5 haziran 2008 kararı sonrası türkiye de ortaya cıkan durum.
bircoklarının dediği gibi ak partinin kapatılması ihtimali ile daha da belirginlesecektir.
suphesiz ki demokrasilerde parti kapatmak hukuk dısı bir eylem degildir.ancak usul ve statu faktorleri ve beraberinde bircok etkeni göz önunde bulundurursak turkiye de adalet ve kalkınma partisi hakkında acılan davanın anayasa da belirtilen hukumlerle hicbir ilgisi olmadıgını hukukua giris ve anayasa hukuku dersi görmüs sıradan bir iibf ögrencisi bile düsünebilir.

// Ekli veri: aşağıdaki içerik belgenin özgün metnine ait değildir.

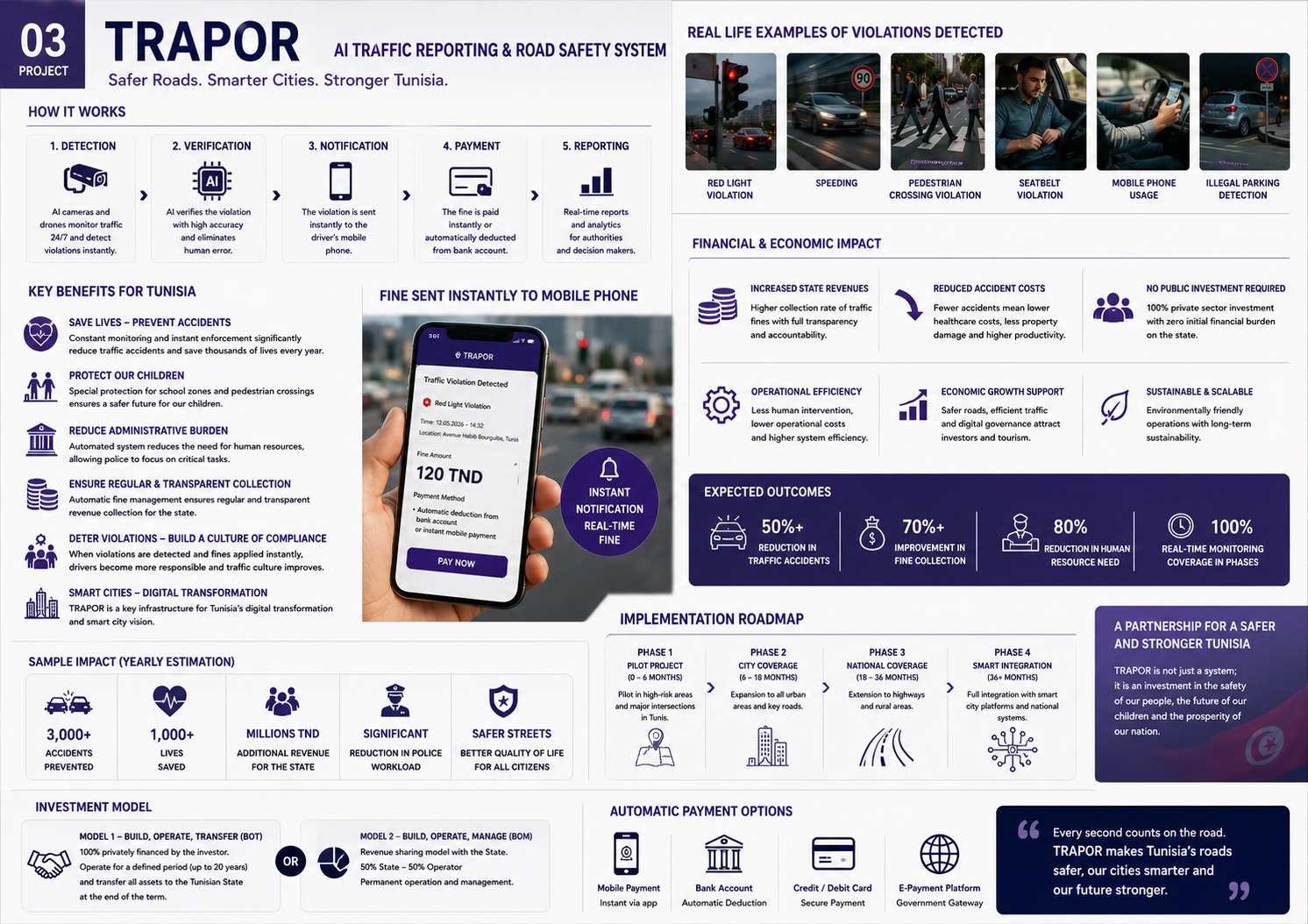 TRAPOR app preview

adalet ve kalkınma partisi-ak parti- üzerinde oynanan bu hukuki tezgahın ardında türkiye de pasifize edilmis postallı siyasetin ardındaki yedek güc siyasallasmıs yargı oldu.
asker-savcı gorusmeleri,telefon trafikleri,cirkin iliskiler ve tabii ki ergenekon bu olayları apacık ortaya koydu.

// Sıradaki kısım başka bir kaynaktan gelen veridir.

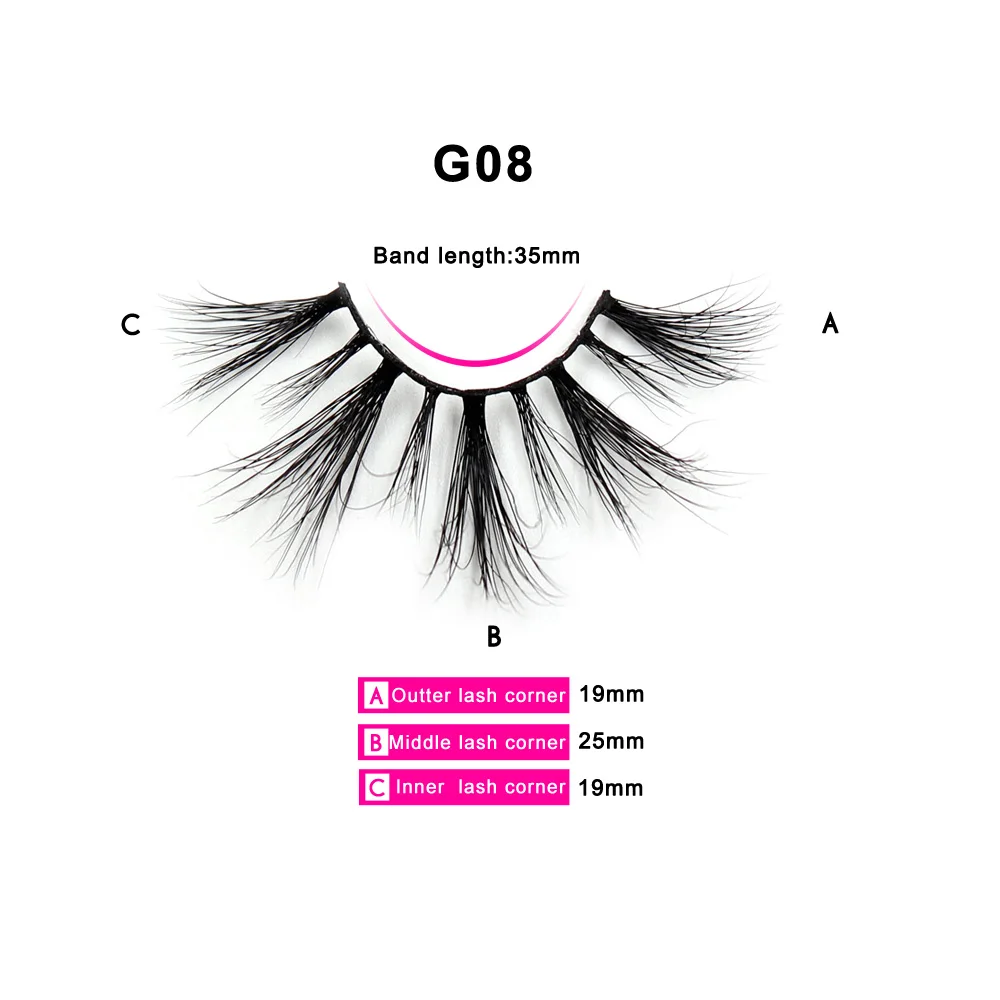 G08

bugun bircok uluslararası aktör(akpm, ab, think thank kuruluslari,ngo lar...) tarafından savunulan tez de budur.ak parti yi kapatmak bir yargi darbesidir.

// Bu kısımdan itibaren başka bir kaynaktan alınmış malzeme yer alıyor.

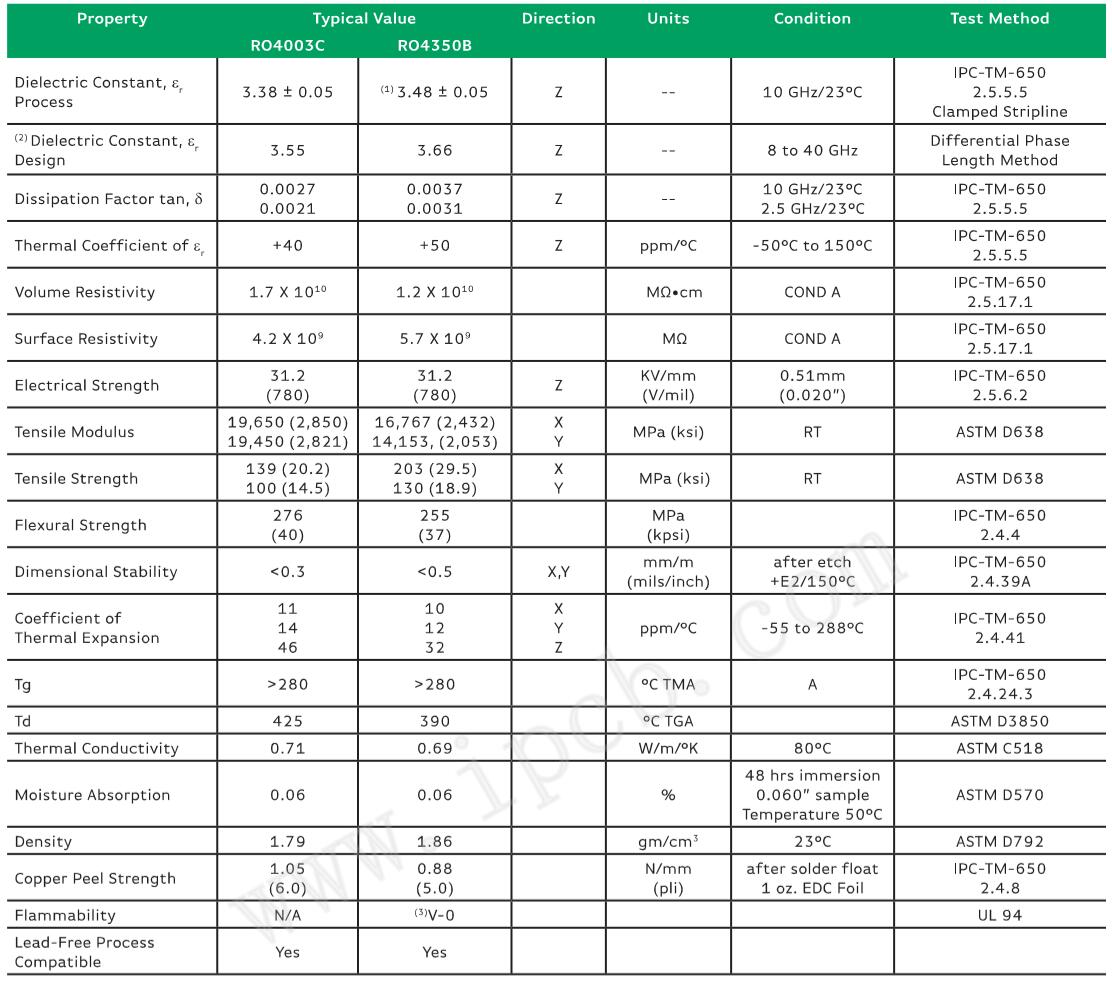 Rogers RO4003C and Rogers RO4350B Parameters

emperyalist tekellerin ulusal taşeronluğunu üstlenen akp 'nin kapatılma sürecinde ilerici demokrat olduklarını iddia eden ve halka darbe korkusu pompalayarak aslında kendi sebep oldukları geçmiş darbeleri ve kendi amaçları için hazırlattıkları anayasayı eleştirirmiş gibi gözükürken artık kendilerine yetmeyen bu anayasayı neo-liberal kapitalist politikalarına daha fazla özgürlük verecek şekilde değiştirmek adına içten içe savundukları sivil bir darbenin bir katalizatörü olarak yargı ve ordu üzerindeki baskının ve darbe korkusu üzerinden darbeye temel hazırlamanın en sivil temsilcilerinin en politik taraflarla üzerinde mutabık oldukları yeni bir suni darbe çeşiti . Kısacası amaç ordu'yu , yargıçları , muhalefet partilerini darbecilikle suçlayıp milleti darbe'ye karşı yetmiş milyon adım gibi zorlama ve içi boş , gerici ve popülist bir yaklaşımla gaza getirmek ve bunun için tüsiad'ın , tobb'un başkanlığı altında finansmanları yabancı ve yerel emperyalist - kapitalist tekellerden sağlanan sivil toplum kuruluşlarının da desteği ile dini emperyalizm uygun hale getirdikleri ılımlı islam modelinden yola çıkarak , devleti ve anayasasını da emperyalizme daha uygun hale getirmekten başka bir şey değildir . Gürcistan'daki gül devrimi , ukrayna'daki portakal devrimi , çekoslavakya'daki kadife devrimlerinin soros finansmanı ile desteklenen sivil toplum kuruluşlarının ve uluslararası emperyalist tekellerin yerel taşeronları ile kansız bir şekilde nasıl sivil darbelere dönüştüğünü sağır sultan bile bilmektedir.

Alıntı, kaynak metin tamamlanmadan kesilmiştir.